Stored records:

● ● ● ● ● ● ●

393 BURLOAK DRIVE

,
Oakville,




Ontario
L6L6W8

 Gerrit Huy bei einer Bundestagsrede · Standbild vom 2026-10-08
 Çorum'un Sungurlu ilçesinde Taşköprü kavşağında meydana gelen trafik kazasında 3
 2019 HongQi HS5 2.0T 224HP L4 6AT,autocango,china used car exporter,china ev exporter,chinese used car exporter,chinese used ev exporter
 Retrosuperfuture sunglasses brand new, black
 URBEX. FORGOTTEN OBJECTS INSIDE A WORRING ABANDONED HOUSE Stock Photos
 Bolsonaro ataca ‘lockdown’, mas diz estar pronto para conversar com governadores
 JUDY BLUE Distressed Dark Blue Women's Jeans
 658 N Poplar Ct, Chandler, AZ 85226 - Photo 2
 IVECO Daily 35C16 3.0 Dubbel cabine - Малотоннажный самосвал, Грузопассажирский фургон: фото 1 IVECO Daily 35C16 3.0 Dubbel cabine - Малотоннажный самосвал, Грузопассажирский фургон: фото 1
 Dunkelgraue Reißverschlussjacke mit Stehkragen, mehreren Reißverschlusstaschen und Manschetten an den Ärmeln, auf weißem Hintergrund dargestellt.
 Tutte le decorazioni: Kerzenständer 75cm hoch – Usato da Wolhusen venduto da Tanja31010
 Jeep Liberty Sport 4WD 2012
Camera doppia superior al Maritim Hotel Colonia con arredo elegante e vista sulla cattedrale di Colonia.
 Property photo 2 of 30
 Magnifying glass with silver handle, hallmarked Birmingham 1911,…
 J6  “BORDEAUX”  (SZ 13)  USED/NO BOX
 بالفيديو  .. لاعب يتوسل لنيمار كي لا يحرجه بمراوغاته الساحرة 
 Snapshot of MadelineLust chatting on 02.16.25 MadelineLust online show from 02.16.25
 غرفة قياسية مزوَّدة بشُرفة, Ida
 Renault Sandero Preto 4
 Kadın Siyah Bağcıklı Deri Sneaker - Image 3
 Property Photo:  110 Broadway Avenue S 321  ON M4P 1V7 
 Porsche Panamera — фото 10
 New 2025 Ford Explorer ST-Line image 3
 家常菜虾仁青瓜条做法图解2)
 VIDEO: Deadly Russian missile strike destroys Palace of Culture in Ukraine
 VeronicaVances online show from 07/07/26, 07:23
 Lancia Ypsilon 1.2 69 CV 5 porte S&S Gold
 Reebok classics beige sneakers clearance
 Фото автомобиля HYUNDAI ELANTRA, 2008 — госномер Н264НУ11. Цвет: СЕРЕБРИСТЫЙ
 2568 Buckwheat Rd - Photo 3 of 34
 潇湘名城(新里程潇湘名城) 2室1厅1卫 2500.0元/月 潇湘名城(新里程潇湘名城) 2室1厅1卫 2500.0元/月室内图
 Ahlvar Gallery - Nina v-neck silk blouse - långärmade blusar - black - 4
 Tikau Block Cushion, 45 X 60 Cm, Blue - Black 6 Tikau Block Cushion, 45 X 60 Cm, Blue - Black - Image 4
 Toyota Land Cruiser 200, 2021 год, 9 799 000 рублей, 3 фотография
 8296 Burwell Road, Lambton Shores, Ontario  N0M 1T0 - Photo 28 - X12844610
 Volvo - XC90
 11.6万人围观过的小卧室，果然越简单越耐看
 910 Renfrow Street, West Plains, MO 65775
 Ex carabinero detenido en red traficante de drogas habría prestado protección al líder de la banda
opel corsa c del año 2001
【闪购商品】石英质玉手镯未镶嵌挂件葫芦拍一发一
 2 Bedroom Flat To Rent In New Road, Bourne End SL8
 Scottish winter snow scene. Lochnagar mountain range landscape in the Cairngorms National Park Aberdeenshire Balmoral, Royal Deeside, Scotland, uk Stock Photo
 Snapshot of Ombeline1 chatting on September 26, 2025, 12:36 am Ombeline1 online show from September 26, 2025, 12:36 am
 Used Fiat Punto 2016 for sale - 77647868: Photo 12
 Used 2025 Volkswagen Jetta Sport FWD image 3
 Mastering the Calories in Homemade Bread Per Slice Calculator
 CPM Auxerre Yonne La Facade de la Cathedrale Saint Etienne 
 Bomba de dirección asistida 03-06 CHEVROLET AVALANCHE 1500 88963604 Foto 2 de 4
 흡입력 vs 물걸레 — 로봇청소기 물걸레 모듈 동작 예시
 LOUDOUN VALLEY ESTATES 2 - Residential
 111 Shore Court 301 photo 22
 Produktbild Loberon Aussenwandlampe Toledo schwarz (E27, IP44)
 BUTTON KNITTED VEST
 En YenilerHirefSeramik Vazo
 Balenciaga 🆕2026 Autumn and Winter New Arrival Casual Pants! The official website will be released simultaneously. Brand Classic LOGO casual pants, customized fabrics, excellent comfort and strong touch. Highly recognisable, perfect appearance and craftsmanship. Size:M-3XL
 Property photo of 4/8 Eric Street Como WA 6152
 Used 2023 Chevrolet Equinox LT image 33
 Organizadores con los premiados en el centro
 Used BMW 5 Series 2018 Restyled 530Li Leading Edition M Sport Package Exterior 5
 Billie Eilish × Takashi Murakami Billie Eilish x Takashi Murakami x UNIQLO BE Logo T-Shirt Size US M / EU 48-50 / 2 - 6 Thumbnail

● ● ● ● ● ● ●

● **Exercise goal**
Each record above is to be written out again, without any change.

● **Result below**
393 BURLOAK DRIVE

,
Oakville,




Ontario
L6L6W8

 Gerrit Huy bei einer Bundestagsrede · Standbild vom 2026-10-08
 Çorum'un Sungurlu ilçesinde Taşköprü kavşağında meydana gelen trafik kazasında 3
 2019 HongQi HS5 2.0T 224HP L4 6AT,autocango,china used car exporter,china ev exporter,chinese used car exporter,chinese used ev exporter
 Retrosuperfuture sunglasses brand new, black
 URBEX. FORGOTTEN OBJECTS INSIDE A WORRING ABANDONED HOUSE Stock Photos
 Bolsonaro ataca ‘lockdown’, mas diz estar pronto para conversar com governadores
 JUDY BLUE Distressed Dark Blue Women's Jeans
 658 N Poplar Ct, Chandler, AZ 85226 - Photo 2
 IVECO Daily 35C16 3.0 Dubbel cabine - Малотоннажный самосвал, Грузопассажирский фургон: фото 1 IVECO Daily 35C16 3.0 Dubbel cabine - Малотоннажный самосвал, Грузопассажирский фургон: фото 1
 Dunkelgraue Reißverschlussjacke mit Stehkragen, mehreren Reißverschlusstaschen und Manschetten an den Ärmeln, auf weißem Hintergrund dargestellt.
 Tutte le decorazioni: Kerzenständer 75cm hoch – Usato da Wolhusen venduto da Tanja31010
 Jeep Liberty Sport 4WD 2012
Camera doppia superior al Maritim Hotel Colonia con arredo elegante e vista sulla cattedrale di Colonia.
 Property photo 2 of 30
 Magnifying glass with silver handle, hallmarked Birmingham 1911,…
 J6  “BORDEAUX”  (SZ 13)  USED/NO BOX
 بالفيديو  .. لاعب يتوسل لنيمار كي لا يحرجه بمراوغاته الساحرة 
 Snapshot of MadelineLust chatting on 02.16.25 MadelineLust online show from 02.16.25
 غرفة قياسية مزوَّدة بشُرفة, Ida
 Renault Sandero Preto 4
 Kadın Siyah Bağcıklı Deri Sneaker - Image 3
 Property Photo:  110 Broadway Avenue S 321  ON M4P 1V7 
 Porsche Panamera — фото 10
 New 2025 Ford Explorer ST-Line image 3
 家常菜虾仁青瓜条做法图解2)
 VIDEO: Deadly Russian missile strike destroys Palace of Culture in Ukraine
 VeronicaVances online show from 07/07/26, 07:23
 Lancia Ypsilon 1.2 69 CV 5 porte S&S Gold
 Reebok classics beige sneakers clearance
 Фото автомобиля HYUNDAI ELANTRA, 2008 — госномер Н264НУ11. Цвет: СЕРЕБРИСТЫЙ
 2568 Buckwheat Rd - Photo 3 of 34
 潇湘名城(新里程潇湘名城) 2室1厅1卫 2500.0元/月 潇湘名城(新里程潇湘名城) 2室1厅1卫 2500.0元/月室内图
 Ahlvar Gallery - Nina v-neck silk blouse - långärmade blusar - black - 4
 Tikau Block Cushion, 45 X 60 Cm, Blue - Black 6 Tikau Block Cushion, 45 X 60 Cm, Blue - Black - Image 4
 Toyota Land Cruiser 200, 2021 год, 9 799 000 рублей, 3 фотография
 8296 Burwell Road, Lambton Shores, Ontario  N0M 1T0 - Photo 28 - X12844610
 Volvo - XC90
 11.6万人围观过的小卧室，果然越简单越耐看
 910 Renfrow Street, West Plains, MO 65775
 Ex carabinero detenido en red traficante de drogas habría prestado protección al líder de la banda
opel corsa c del año 2001
【闪购商品】石英质玉手镯未镶嵌挂件葫芦拍一发一
 2 Bedroom Flat To Rent In New Road, Bourne End SL8
 Scottish winter snow scene. Lochnagar mountain range landscape in the Cairngorms National Park Aberdeenshire Balmoral, Royal Deeside, Scotland, uk Stock Photo
 Snapshot of Ombeline1 chatting on September 26, 2025, 12:36 am Ombeline1 online show from September 26, 2025, 12:36 am
 Used Fiat Punto 2016 for sale - 77647868: Photo 12
 Used 2025 Volkswagen Jetta Sport FWD image 3
 Mastering the Calories in Homemade Bread Per Slice Calculator
 CPM Auxerre Yonne La Facade de la Cathedrale Saint Etienne 
 Bomba de dirección asistida 03-06 CHEVROLET AVALANCHE 1500 88963604 Foto 2 de 4
 흡입력 vs 물걸레 — 로봇청소기 물걸레 모듈 동작 예시
 LOUDOUN VALLEY ESTATES 2 - Residential
 111 Shore Court 301 photo 22
 Produktbild Loberon Aussenwandlampe Toledo schwarz (E27, IP44)
 BUTTON KNITTED VEST
 En YenilerHirefSeramik Vazo
 Balenciaga 🆕2026 Autumn and Winter New Arrival Casual Pants! The official website will be released simultaneously. Brand Classic LOGO casual pants, customized fabrics, excellent comfort and strong touch. Highly recognisable, perfect appearance and craftsmanship. Size:M-3XL
 Property photo of 4/8 Eric Street Como WA 6152
 Used 2023 Chevrolet Equinox LT image 33
 Organizadores con los premiados en el centro
 Used BMW 5 Series 2018 Restyled 530Li Leading Edition M Sport Package Exterior 5
 Billie Eilish × Takashi Murakami Billie Eilish x Takashi Murakami x UNIQLO BE Logo T-Shirt Size US M / EU 48-50 / 2 - 6 Thumbnail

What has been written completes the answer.